Delphi Retirees Pension Restoration Act
Delphi Retirees Pension Restoration Act is a bill that would boost the amount of monthly pension guaranteed by the government for certain Delphi-related employer pension plans when those plans terminate. Specifically, it would require the Pension Benefit Guaranty Corporation (PBGC) to treat the guaranteed monthly benefit as the participant’s full vested plan benefit (the maximum benefit the plan would have paid if fully funded, subject to ERISA’s usual limits). The bill also directs PBGC to recalibrate previously calculated benefits, issue lump-sum catch-up payments to affected retirees and beneficiaries, and provide for the 6% interest on any past-due amounts. Funding for these increases would come from the unobligated balance of ERISA’s basic benefits guarantee fund. The act also defines which Delphi-related plans are covered and provides for administrative review of PBGC determinations, along with specified tax treatment for lump-sum payments.
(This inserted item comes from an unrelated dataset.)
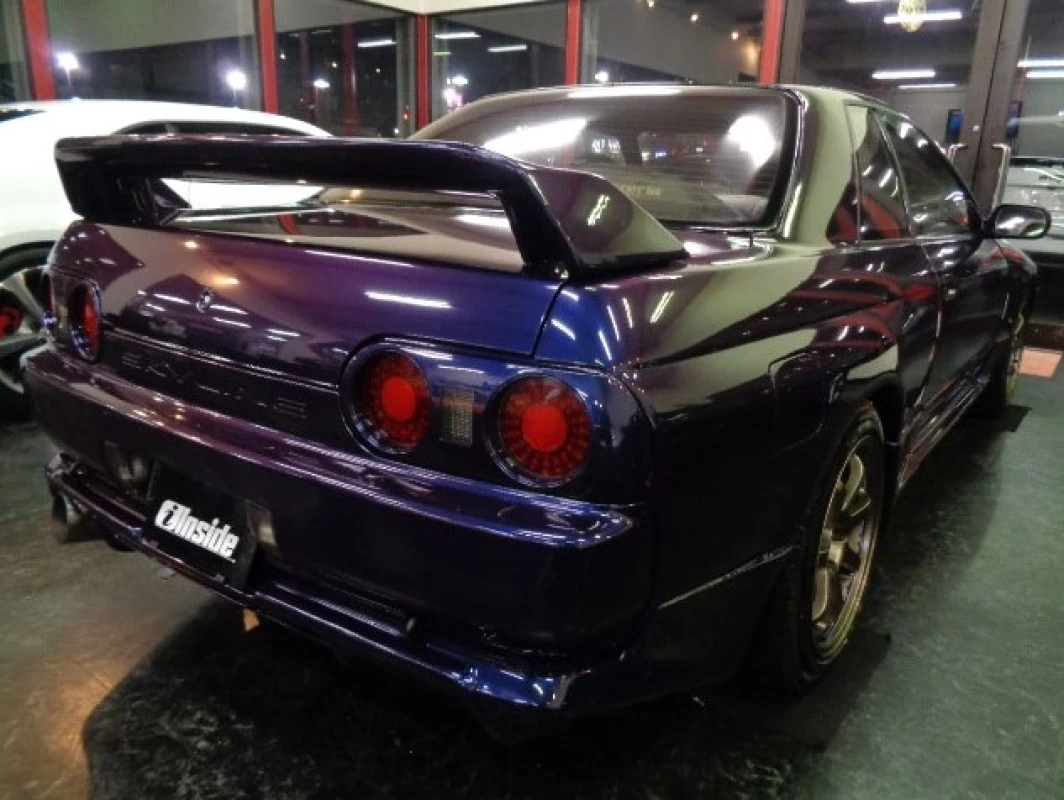 Nissan Nissan Skyline BNR32 - View 2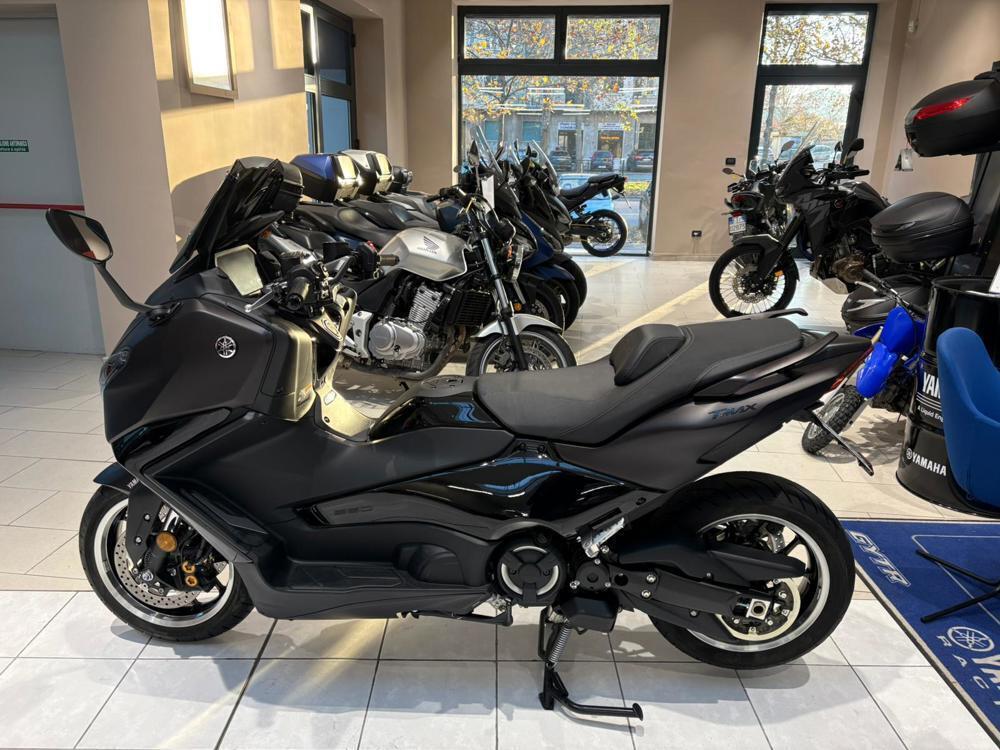 Yamaha T-Max 560 (2025) (3)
In short, if enacted, the bill would substantially raise guaranteed pension benefits for certain Delphi retirees and beneficiaries, accelerate and monetize back payments, and adjust related administrative and tax rules to support those changes.
Key Points
- 1Increase to guaranteed benefits: For covered Delphi plans, monthly guaranteed benefits would equal the participant’s or beneficiary’s full vested plan benefit, rather than the current guaranteed amount under ERISA 4022 with its phase-in and caps.
- 2Recalculation and lump-sum catch-up: PBGC would recalculate benefits for all eligible participants/beneficiaries and, within 180 days of enactment, pay a lump-sum amount intended to make up past underpayments, plus an additional 6% annual interest on past-due amounts.
- 3Eligible participants and covered plans: Eligible participants/beneficiaries are those in pay status or eligible for future payments and whose payments do not exceed the full vested plan benefits, excluding those covered by certain 1999 General Motors union top-up agreements. Covered plans include the Delphi Hourly-Rate Employees Pension Plan, Delphi Retirement Program for Salaried Employees, PHI and Delphi-related plans listed in the bill.
- 4Administrative review: PBGC determinations under this act would follow the standard administrative review process for benefit determinations.
- 5Funding source: Costs and related expenses would be paid from the unobligated balance of ERISA’s fund for basic guaranteed benefits (Section 4005).
- 6Regulations: PBGC, with Treasury and Labor input, could issue regulations to implement the Act.
- 7Tax treatment: Lump-sum payments would generally be includable in gross income over a 3-year period, unless the recipient elects to opt out. There are death-related and survivor rules to address taxes for beneficiaries and surviving spouses.
- 8ERISA amendment: The Act would add a provision to ERISA’s 4005 funding rules to recognize these Delphi-guaranteed payments as part of the guaranteed benefits.